Now consider what message would be inferred if that same utterance were generated by a Republican. The probabilities of the election outcomes remain the same—assuming that the Republican speaker is following the same polls and election predictions. But the production probabilities for that particular utterance form are different in this case. Here I estimate that the Republican speaker is highly likely (.99) to use negative words to describe Clinton, but there may be Republicans who also are wary of Trump (and perhaps more than there are Clinton-wary Democrats, hence an estimate of .3).
(18)a. Republican speaker intends to convey that Clinton won
p(Clinton won
| ‘The awful one has won’)
∼ p(Clinton won
) × p(‘The awful one has won’ | Clinton won
)
∼ .8 × .99 = .792
b. Democratic speaker intends to convey that Trump won
p(Trump won
| ‘The awful one has won’)
∼ p(Trump won
) × p(‘The awful one has won’ | Trump won
)
∼ .2 × .3 = .06
In this case, with a Republican speaker, the intended message is much more obvious. The scenario in which the speaker intended to convey Clinton won
receives a much higher probability than the one in which he intended to convey Trump won
.
The example here shows how real-world knowledge can guide the probabilities of different intended messages and how the appropriateness of particular forms varies by context (i.e. depending on the political affiliation of the speaker). In the next section we apply Bayes’ Rule to model pronoun use, for which it can likewise be used to combine biases about intended messages with estimates of the appropriateness of particular forms in a particular discourse context.
Just as a speaker’s ambiguous utterance about the winner of an election can be decoded by modelling the process by which the utterance was generated, an ambiguous pronoun can likewise be decoded by considering how it was generated. Bayes’ Rule in (19) describes how to update one’s belief that a particular referent has been mentioned, given that a pronoun has been encountered, (p(referent | pronoun)). It does so by combining the prior belief that that referent would be mentioned, p(referent), with the likelihood that that referent would be mentioned with a pronoun, p(pronoun | referent).
(19) Bayes’ Rule for pronouns (as proposed in Kehler et al., 2008)
p(referent | pronoun) ∼ p(referent) × p(pronoun | referent)
The probability on the left-hand side of (19) represents the comprehender’s interpretation problem of decoding an ambiguous pronoun. The probabilities on the right are the estimates of the speaker’s encoding of the intended referent. From (19), it is clear that interpretation and production of pronouns are linked. However, the two are not mirror images. Rather, Bayes’ Rule shows how they are related via the prior.

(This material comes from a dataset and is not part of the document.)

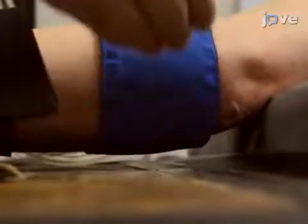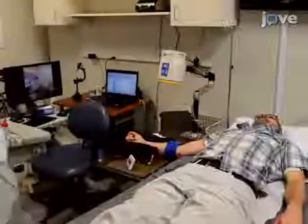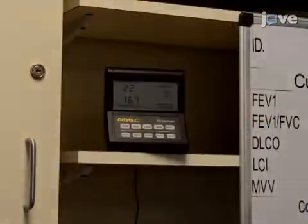Take care that nothing is touching the cuff, including the table. The subject should then rest in the supine position in a quiet, temperature-controlled 22 to 24 degrees Celsius room for approximately 20 minutes.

Bayes’ Rule is not a model of pronouns; it is simply a statement of mathematical truth. However, it is useful for understanding pronouns because it makes it impossible to conflate the probability of mention and the probability of pronominalization. The proposal in (20) explicitly links different features to the two probabilities.
(20) Proposal for a division of labor in a Bayesian model of pronouns (Kehler & Rohde, 2013) Different factors influence the probability of mention (the prior) and the probability of pronominalization (the likelihood). The prior probability of mention is influenced primarily by semantic and coherence-driven cues. The likelihood of forms is influenced primarily by structural properties of the preceding discourse.

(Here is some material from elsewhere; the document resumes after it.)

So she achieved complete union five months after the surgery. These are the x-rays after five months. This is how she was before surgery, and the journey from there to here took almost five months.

To see how the Bayesian approach and this division-of-labour proposal play out, this section describes two studies that manipulate coherence-driven and structural factors.
Let’s return to the class of IC verbs discussed earlier. That earlier work by Stevenson et al. had noted different coreference patterns depending on the presence or absence of a pronoun. The Bayesian approach can help us make sense of that result. The story continuation paradigm allows us to explicitly measure the prior probability of next mention, the likelihood of pronominalization, and the pronoun interpretation probability for the available referents, as shown in (21). By using story continuation prompts with and without a pronoun ((21a–c) versus (21d–f)), we can test which factors influence pronoun interpretation versus production. By using verbs with opposing IC biases (subject-bias vs. object-bias) and non-implicit-causality (Non-IC) verbs, we can test for coherence-driven effects and structural effects because the causally implicated referent appears either in subject position or object position (Rohde, 2008; see also Fukumura & Van Gompel, 2010; Kehler & Rohde, 2013). The prompts in (21) served as materials for a study reported in Rohde & Kehler (2014).
FIGURE 27.2. Implicit causality story continuation results: verb class and prompt type influence next mention (p(referent | pronoun) ∼ p(referent) × p(pronoun|referent)), as reported in Rohde & Kehler (2014)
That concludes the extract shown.